One big deciding factor of whether she should get closer to William and try to stay with Foxborough is what college Emma will go to in the fall. Her top choice school, Johns Hopkins University, has put her on its wait-list, and if she doesn't get in she'll be attending Pomona College, in California. William is desperate for her to go to J.H., and finally goes to Rose to ask if the old woman would give him enough of his inheritance money now to pay for Emma's tuition (it's more than Alice and Eric can pay twice over, even with Emma's scholarships). Rose knows William's love is true, and allows for what he asks. Still, they have to wait for the letter from J.H.. At the end she does get in, and Will explains that the estate will pay for her to attend. There is a local custom in the area that has been around since the early settlers that declares married (at least in tradition) any couple who makes love on a large stone embedded in the side of Compton Hill.  Well, before Will was certain of Emma's remaining in Maryland, he took her out to the top of the enormous rock and they made love for the first time there. It was near the end of the summer, and only two weeks before she was set to hear from J.H. He didn't tell her about the custom. But Rose does; Emma asks, at Alice's prompting, what the whole thing meant. Rose explains that there was some american indian custom involving seven revolutions and lovemaking on that rock that sealed the marriage in the tribe's eyes, and those elements remained in the local folklore.  Youth still perform the rite the night of their wedding day. Emma freaks out, and stops seeing William. But the night before she is set to leave, she dreams of her and Will's children living in Foxborough, and the next day she gets the letter from J.H. giving her a place in the freshman class. So she goes to Will and accepts her fate.

This is rough, I'll warrant, but I'm hoping to coax a good story out of it!

Tuesday, May 11, 2010

Graduation to Life

My my... how long ago my last post feels! How far removed from that girl I seem to be. But I know it's just my way of ignoring the basic fact that I am horribly melodramatic and romantic about life in general.

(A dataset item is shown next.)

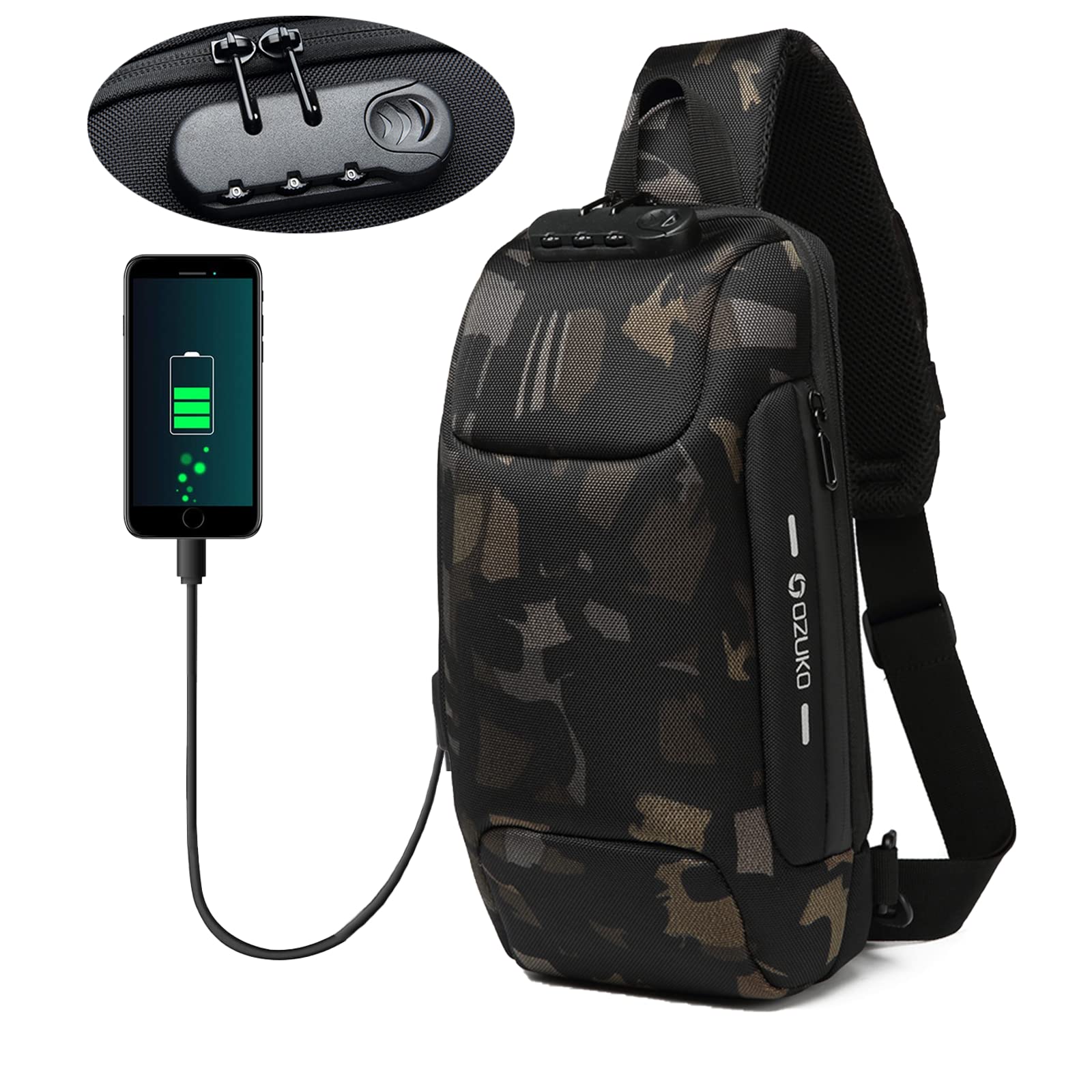 OZUKO Men Sling Backpack Nylon Water Resistant Shoulder Chest Crossbody Sling Bag with USB Charging Port Black (Camouflage)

Things, many many things have happened since March. April and May brought with them the short sweetness of spring, but the baking heat of summer has finally descended upon us. My senior recital is now just a memory of a wonderful performance and a great party afterwards. My first love is now concluded, and my last performance at PVA is, too. Love, what a funny thing. It tore me up, even drove me mad for several days there. I know that was tame though, because what I experienced wasn't that terrible. In fact, I was all torn up mostly because I was afraid to talk to the boy. Now I have my disappointment, but after telling him how I felt I have no regrets.

I am now officially a member of the Goucher College Class of 2014! I ended up choosing in the final week before the deadline, after visiting and falling in love with the campus, college, people. High school is now really coming to an end, and I'm torn between impatience for summer and nostalgia and sadness for losing my friends. I have really only cultivated friendships in school this semester, as the pressure and rigor of school has gradually let up. And now we'll all be leaving. I feel that I haven't and wont be able to spend the quality time with all of my amazing friends that I wish I could, but I suppose that is life. We'll go off to our futures, and leave the past behind.

Something I've been thinking about recently is expectations. Realistically, I don't think my college expectations are very realistic. In college, I am expecting:


  • to find true love, or at least a boyfriend, right away
  • to make a bunch of great friends
  • to do fantastically well in all of my classes
  • to have better habits
  • to be a much cooler, more refined and sophisticated version of myself
  • to be able to go by "Rose", my middle name
  • to dislike my roommate
  • to love my teachers
  • to party with class
We'll see how this pans out, but I'm sure that in six months I'll be striking through several of these, and adding several more.

I'm off now to work on my screenplay, which I would be filming this summer in fantasyland. Realistically, I'll probably never finish the script.